The copy must match the data word for word and contain no pictures.

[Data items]
▽
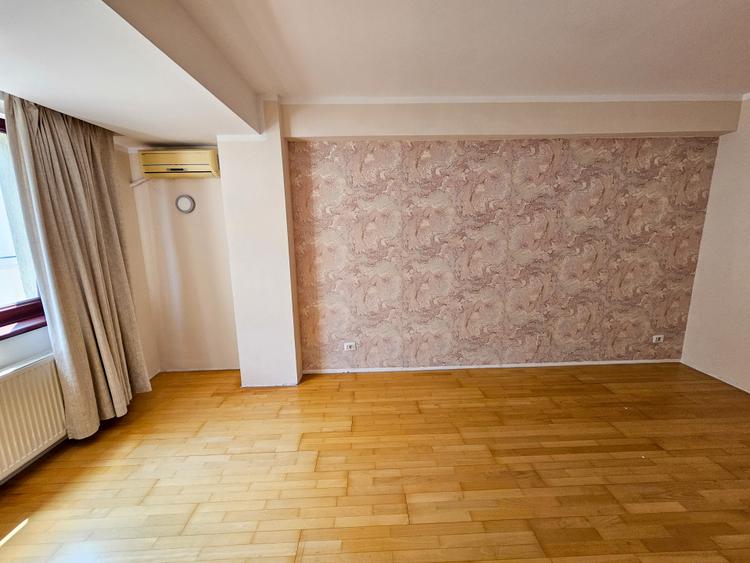 Spatiu birouri 160mp TVR | Dorobanti | Aviatorilor Metrou  10'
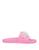 商品第2个颜色Pink, Stuart Weitzman | Sandals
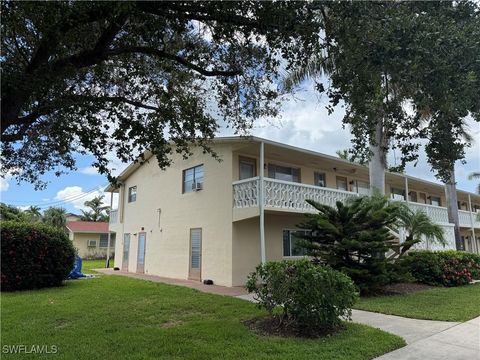 Photo of 13150 Kings Point Drive #11C, Fort Myers, FL 33919 (MLS # 225063063) Photo of 13150 Kings Point Drive #11C, Fort Myers, FL 33919 (MLS # 225063063)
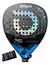 Paleta Padel Odpro Passion Luxury 18k Paddle en internet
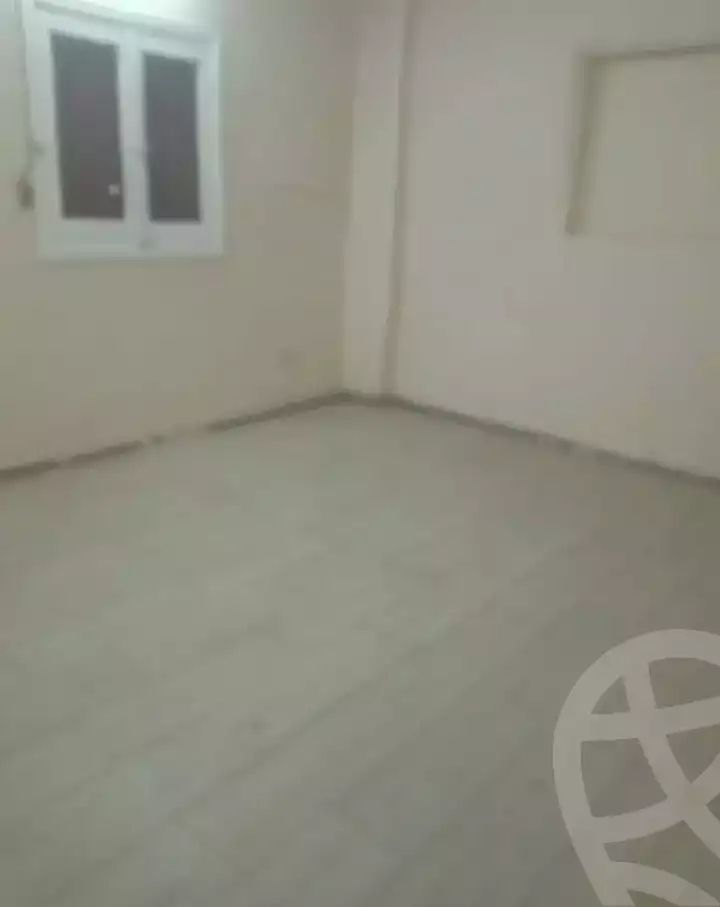 https://aqarmap.com.eg/en/listing/6579950-for-rent-cairo-el-zaytun-lzytwn-lshrqy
△
__Task answer__:
 Spatiu birouri 160mp TVR | Dorobanti | Aviatorilor Metrou  10'
 商品第2个颜色Pink, Stuart Weitzman | Sandals
 Photo of 13150 Kings Point Drive #11C, Fort Myers, FL 33919 (MLS # 225063063) Photo of 13150 Kings Point Drive #11C, Fort Myers, FL 33919 (MLS # 225063063)
 Paleta Padel Odpro Passion Luxury 18k Paddle en internet
 https://aqarmap.com.eg/en/listing/6579950-for-rent-cairo-el-zaytun-lzytwn-lshrqy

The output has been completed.